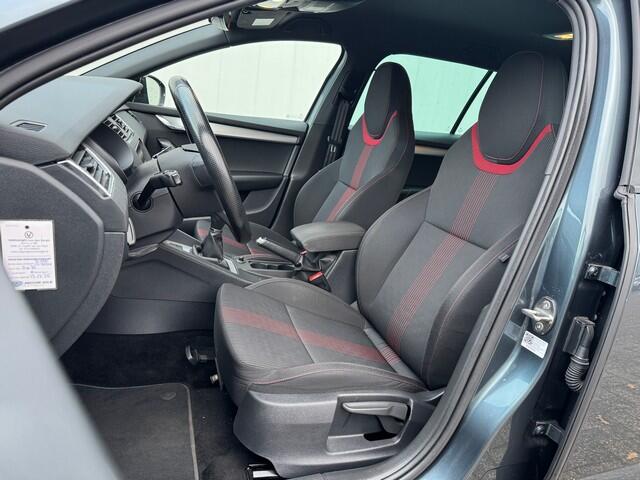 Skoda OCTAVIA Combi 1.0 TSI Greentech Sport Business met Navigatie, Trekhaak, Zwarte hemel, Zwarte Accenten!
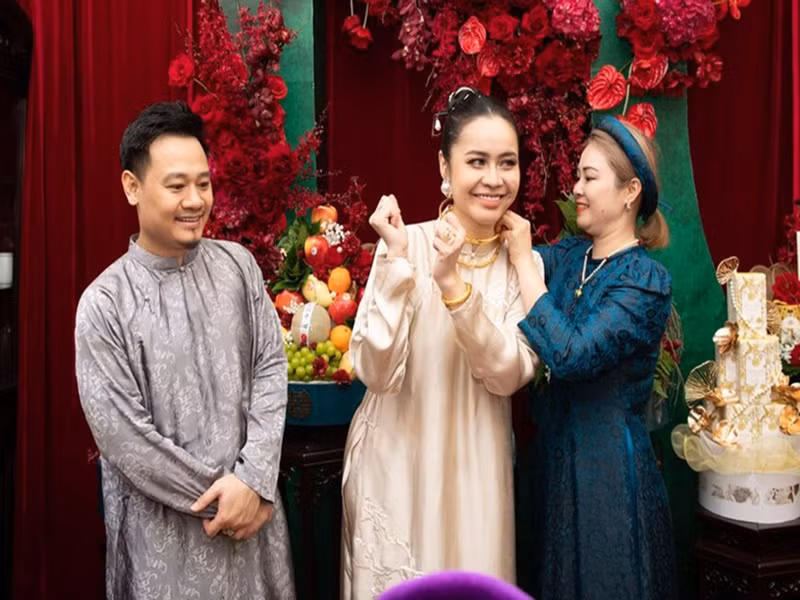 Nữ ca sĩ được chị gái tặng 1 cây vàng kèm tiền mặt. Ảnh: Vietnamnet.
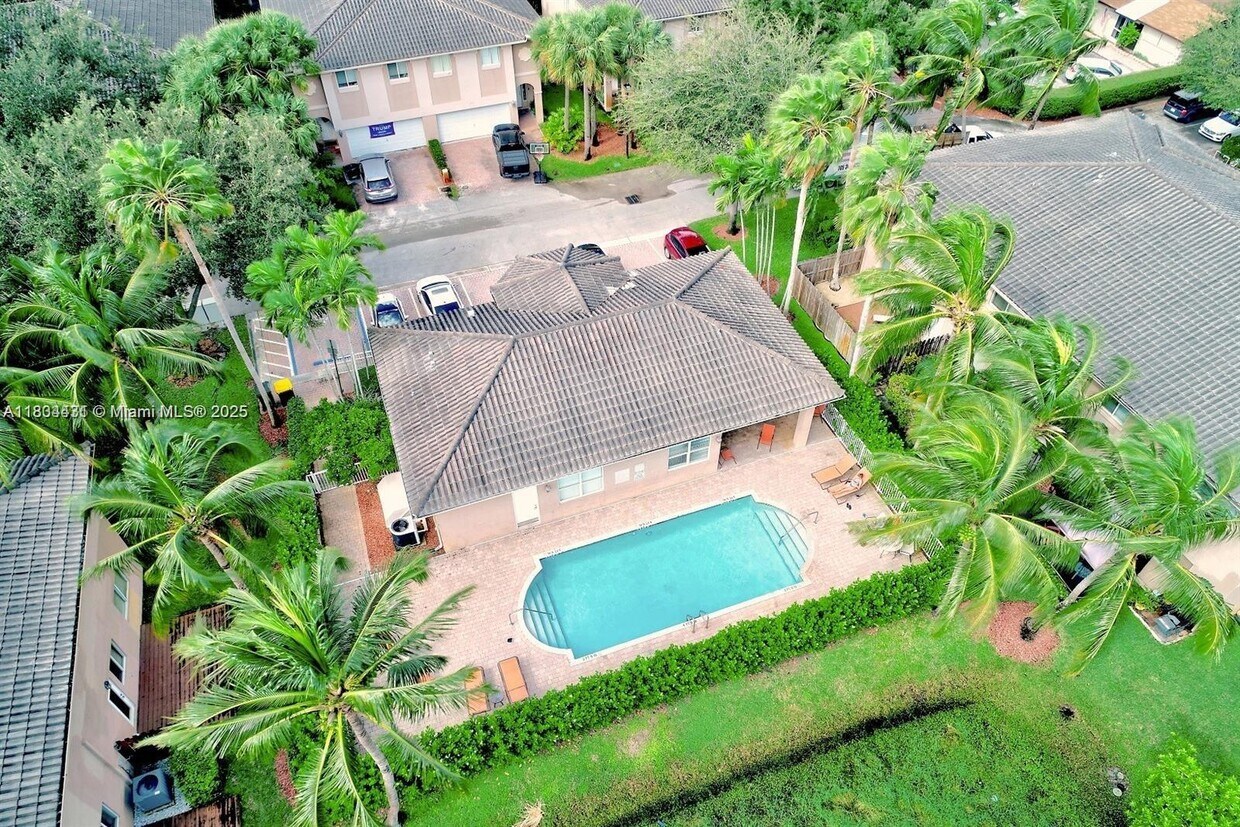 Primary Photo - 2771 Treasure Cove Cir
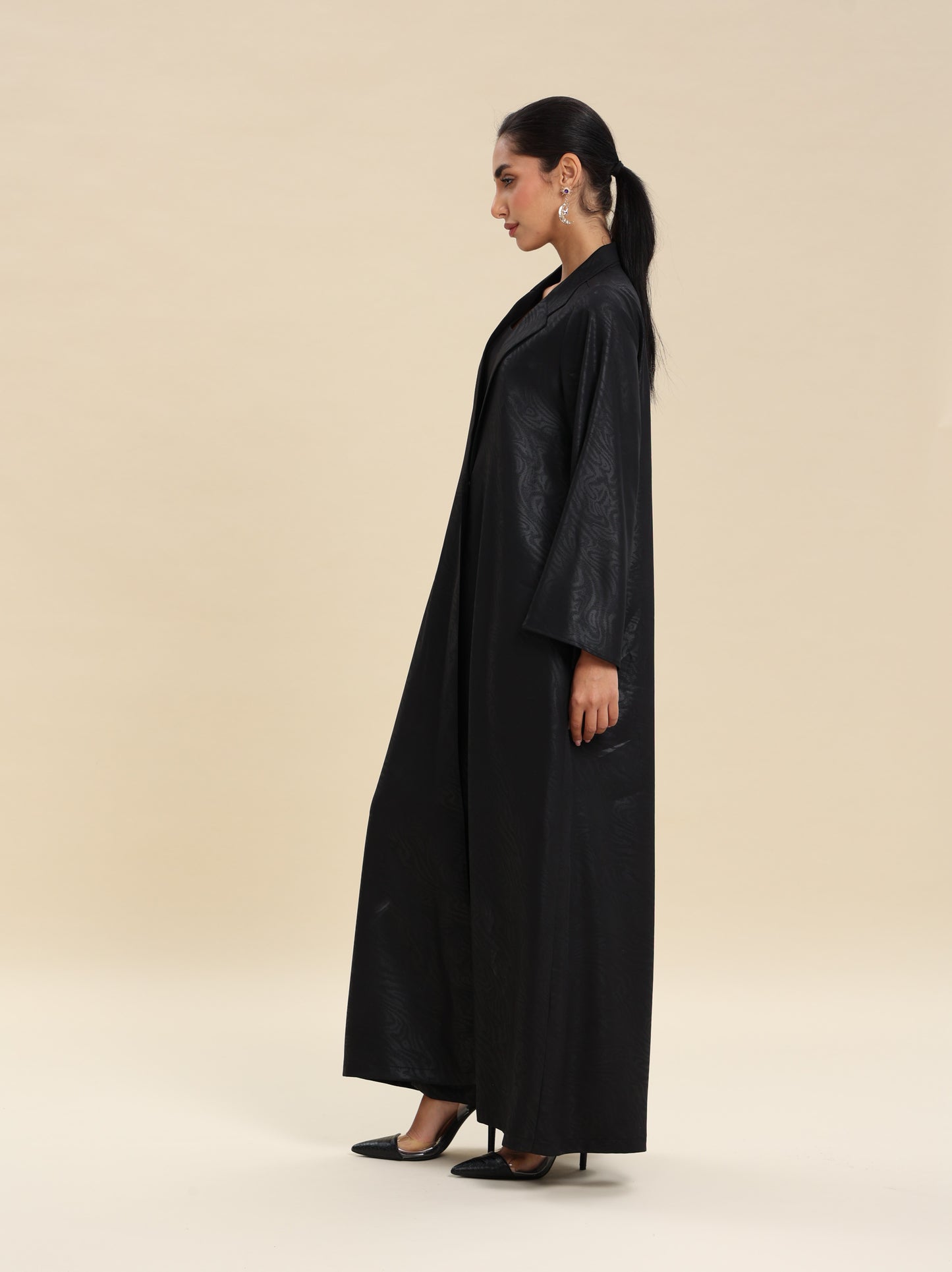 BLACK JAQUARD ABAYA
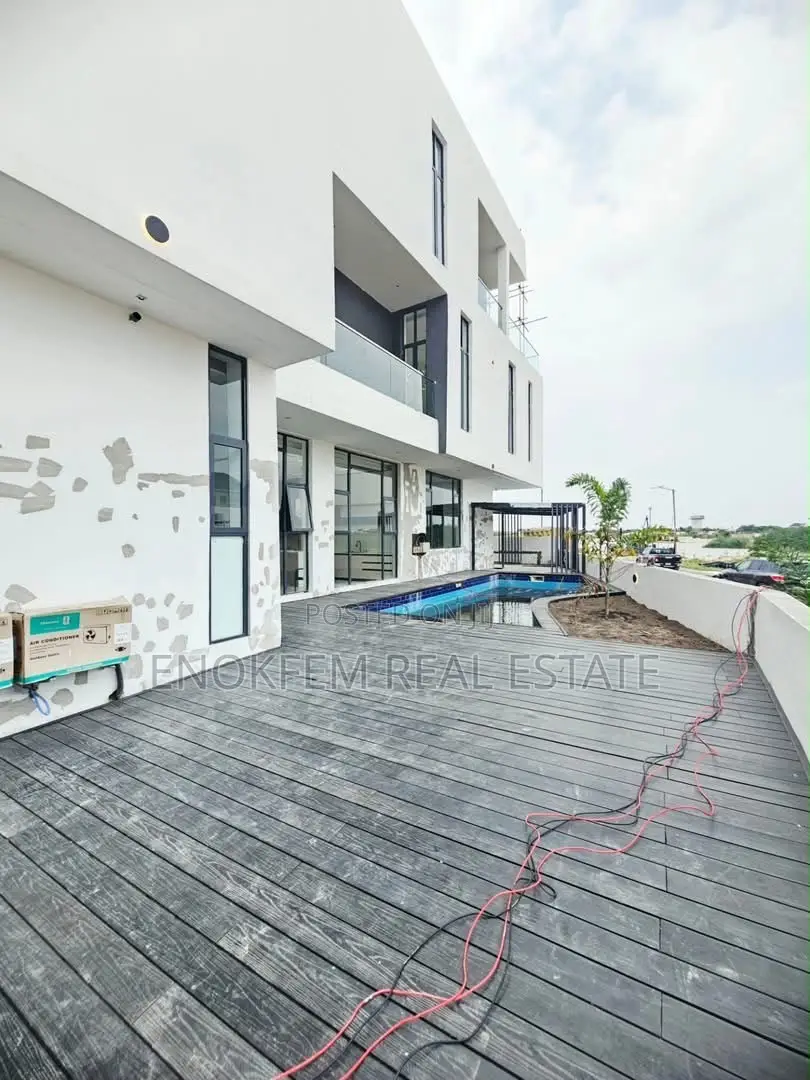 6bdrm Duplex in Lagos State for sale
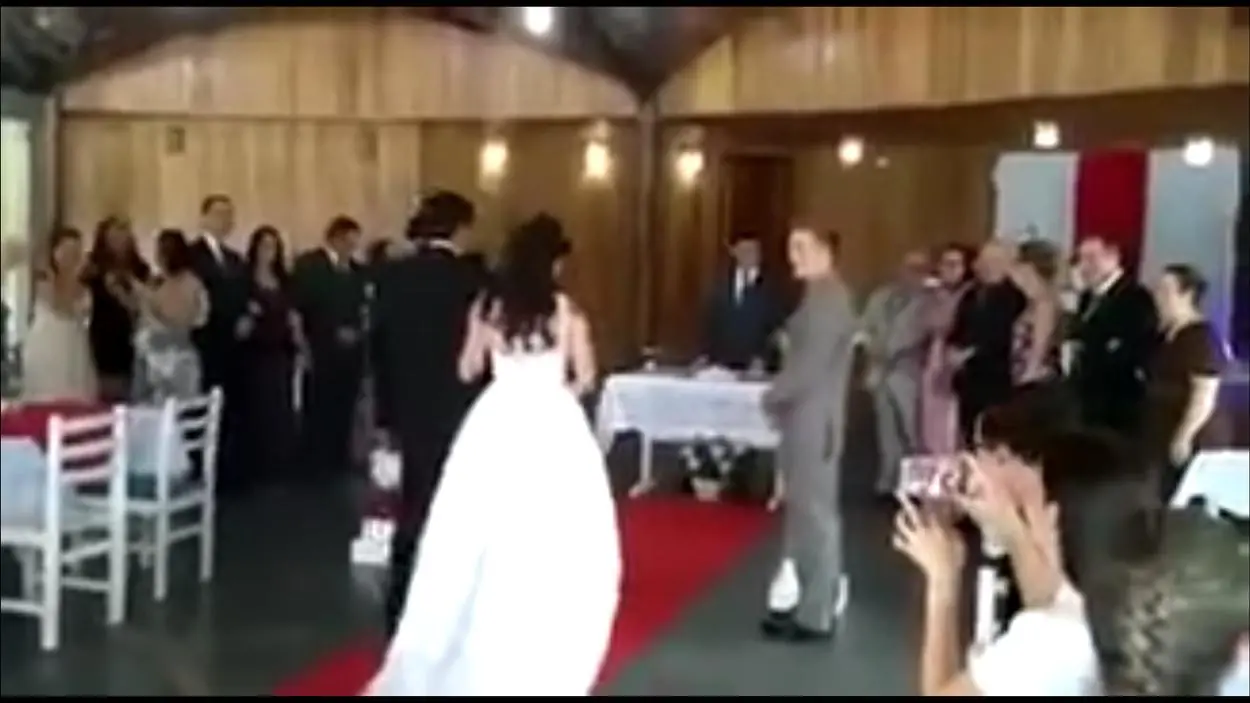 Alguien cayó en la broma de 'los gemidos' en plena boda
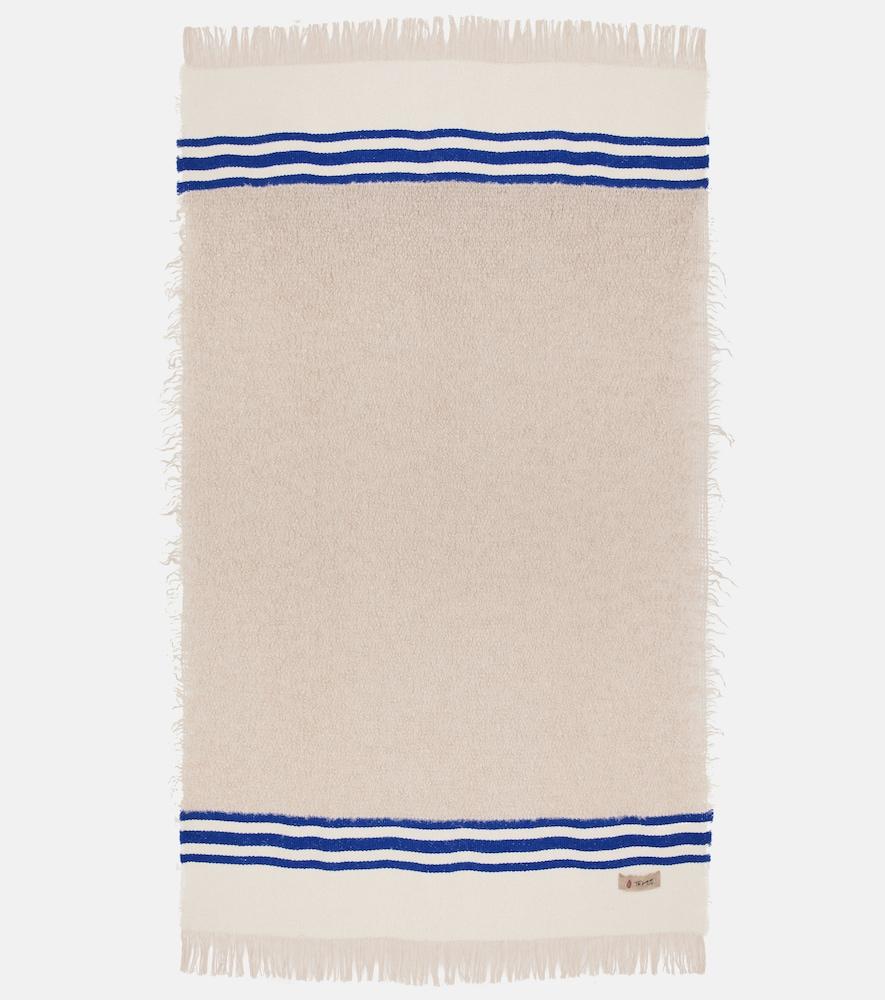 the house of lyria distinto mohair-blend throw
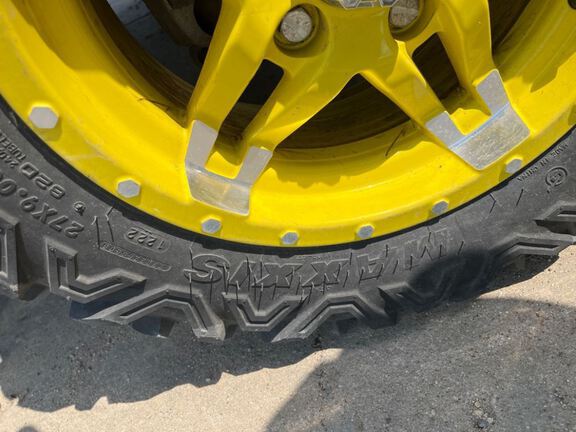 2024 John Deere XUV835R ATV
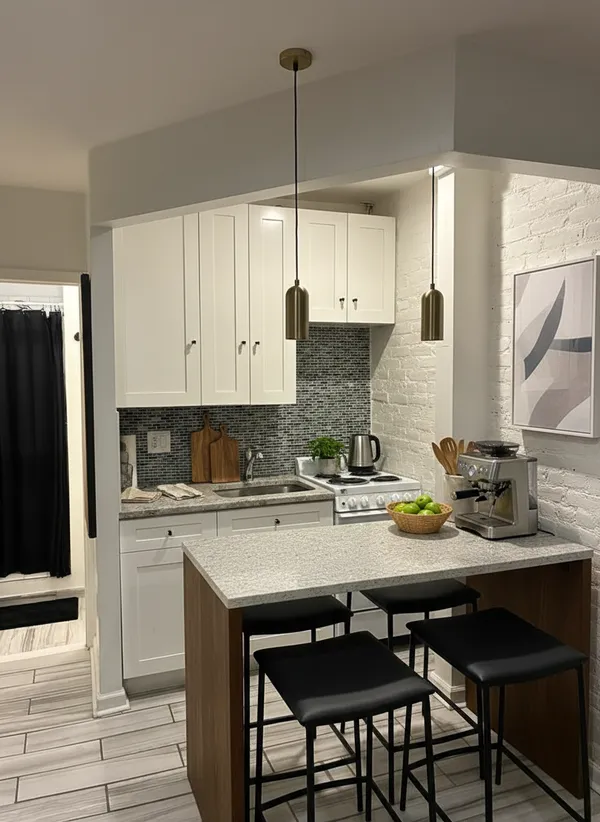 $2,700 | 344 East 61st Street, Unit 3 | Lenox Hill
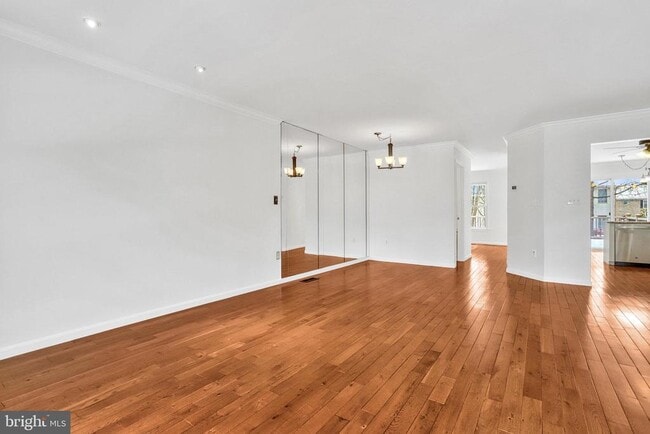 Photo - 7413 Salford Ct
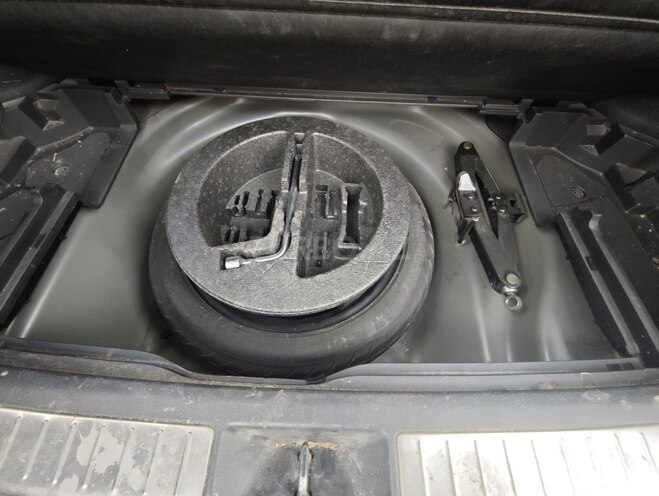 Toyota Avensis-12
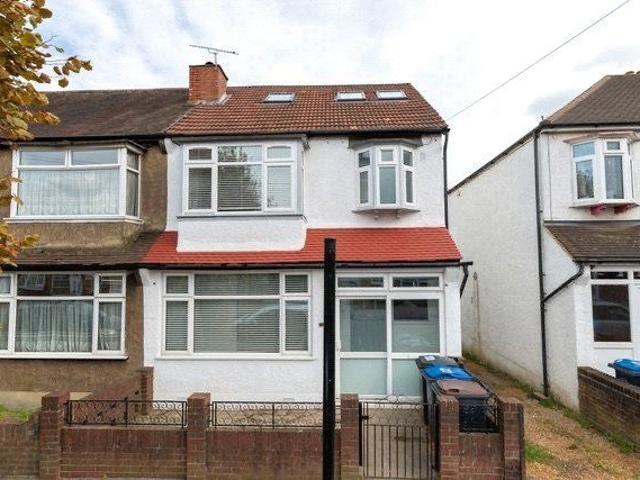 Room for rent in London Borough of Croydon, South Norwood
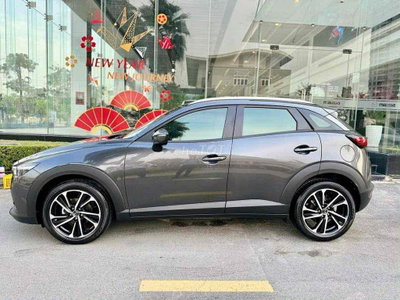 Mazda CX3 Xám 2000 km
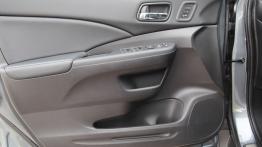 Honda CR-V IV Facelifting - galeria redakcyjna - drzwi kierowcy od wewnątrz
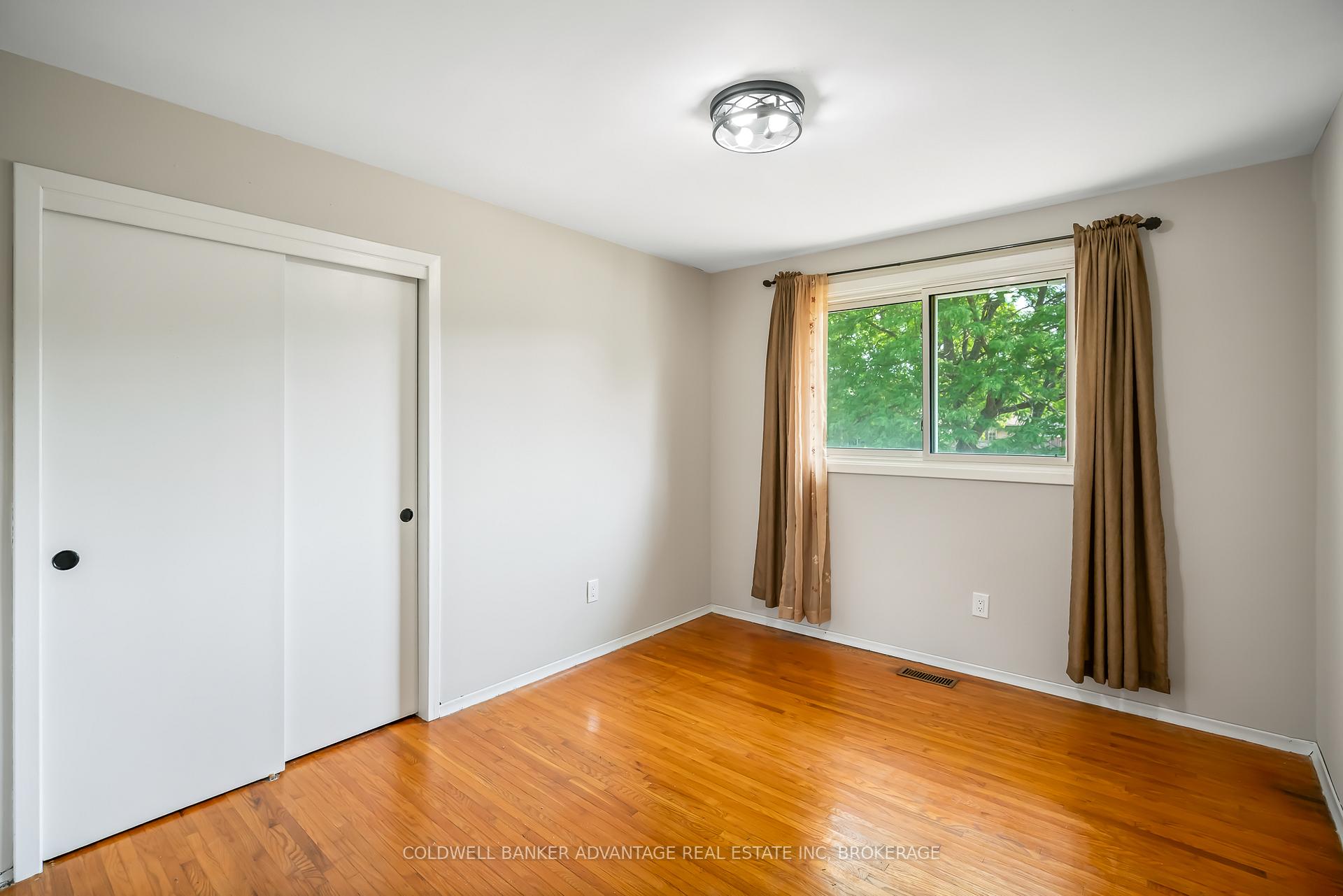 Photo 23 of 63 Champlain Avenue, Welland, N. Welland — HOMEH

================================

■ **EXERCISE DETAILS**: No pictures should appear in the copy. Reproduce exactly the lines from the line containing "Room for rent" through the last line of the data, inclusive.

■ **ANSWER FOR THIS EXERCISE**:
 Room for rent in London Borough of Croydon, South Norwood
 Mazda CX3 Xám 2000 km
 Honda CR-V IV Facelifting - galeria redakcyjna - drzwi kierowcy od wewnątrz
 Photo 23 of 63 Champlain Avenue, Welland, N. Welland — HOMEH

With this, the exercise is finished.